Birds form pair-bonds, just like humans. But the birds don't really get to know each other. (You can add another ``just like humans'' if you want.) In the tropics, birds mate for life (and females also sing), but even so, says Morton, they have shockingly little attachment to one another. A female may suddenly abandon her mate and join another male who has a better territory. The spurned male will immediately start advertising for a new mate. There's no grace period, no sense of decency. They never pause to ask, ``What about the children?''

Seriously, the fact is that not only do birds not love each other, they don't really recognize each other. Males have killed their mates when confined in cages, not because of the terror of the confinement but simply because the male didn't recognize the female, says Morton. Birds would have a hard time picking their mate out of a lineup.

But let's remember, they have a good excuse. They're birdbrained.

\ Q: Why can't we remember anything that happened to us prior to the age of 3?

A: Your basic 2-year-old is no longer just a blubbering mass of protoplasm, but has become a talking, thinking, reasonably coherent and often non-drooling creature. The child knows the names of people, can memorize songs, and may even remember what happened yesterday or last week. But the child will eventually forget all this. The memories will get purged, save for an image or two. Why?

Although this falls into the no-one-really-knows category, we heard an interesting theory from Robyn Fivush, psychologist at Emory University. She says that our memories of past experiences are organized in our brain as narratives. Kids younger than about 3 don't yet know narrative conventions. They can't tell a story. They don't know how to set the scene. They don't understand time, place, character, plot.

So even though they have plenty of language, and perception, and even memory, they can't shape all this stuff into a story that has a point. (The Why staff is still struggling with this.)

``There has to be a notion of a rising action, a climax, a resolution. There has to be some kind of emotional meaning to the event,'' says Fivush.
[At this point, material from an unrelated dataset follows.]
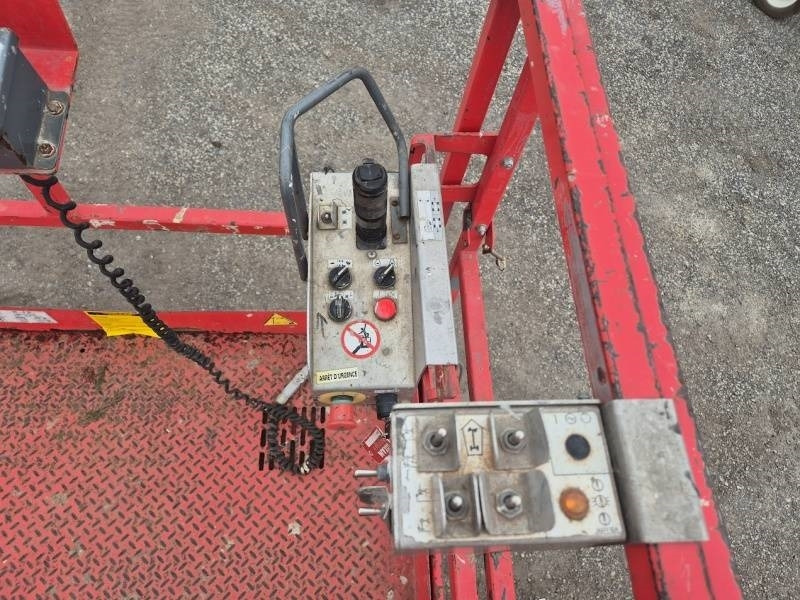Scissor lift SkyJack SJ9241 - 14,5 m - 4x4: picture 10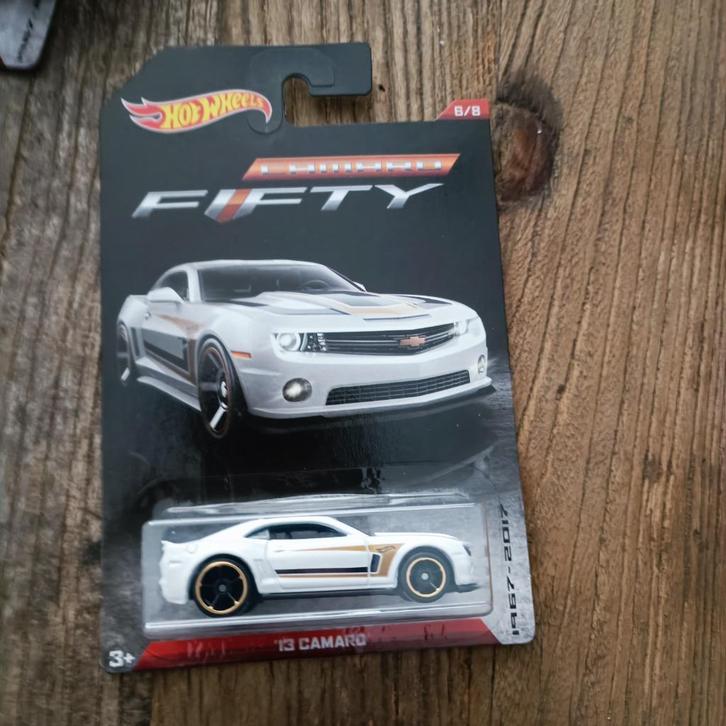 Hot Wheels Camaro Fifty 13 Camaro White wit ST-D, Hobby en Vrije tijd, Modelauto's | Overige schalen, Nieuw, Auto, Ophalen of Verzenden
In other words, our memories start at the age when we realize that what we're all trying to do in life is find the moral of the story.

\ The Mailbag:

Julian O. of Palo Alto, Calif., objects to our omission of ``balance'' in counting up the number of senses people have. He writes, ``Why does the sense of balance get no respect? One can't even walk down the street properly without it. It's high time that people, especially teachers and school children, are taught that we have six distinct sense, not five.''

Dear Julian: A sense should convey information. The sense of balance doesn't, or at least not much. Equilibrium is more of an internal monitoring mechanism, a gyroscope of the self, and thus directed inward and not outward. You never walk into a bakery, take a deep breath, and say, ``Hmmmm! Doesn't this floor feel level!''

Michael P. of Seven Hills, Ohio, asks, ``How cold is twice as cold as zero degrees?''

Dear Michael: A degree is not like a number on a number line. Twice as few as 10 is 5, but 5 degrees isn't twice as cold as 10 degrees. The theoretical baseline for temperature is Absolute Zero, which is what the temperature would be if atoms somehow stopped moving entirely. Absolute Zero is minus 273.15 degrees Celsius or minus 459.67 degrees Fahrenheit. So you could argue that minus 229.835 degrees Fahrenheit is twice as cold as zero.

But frankly, you should forget the numbers. Conduction of heat from your body is what counts. Twice as cold as zero is when you go outside in zero degree weather with wet hair.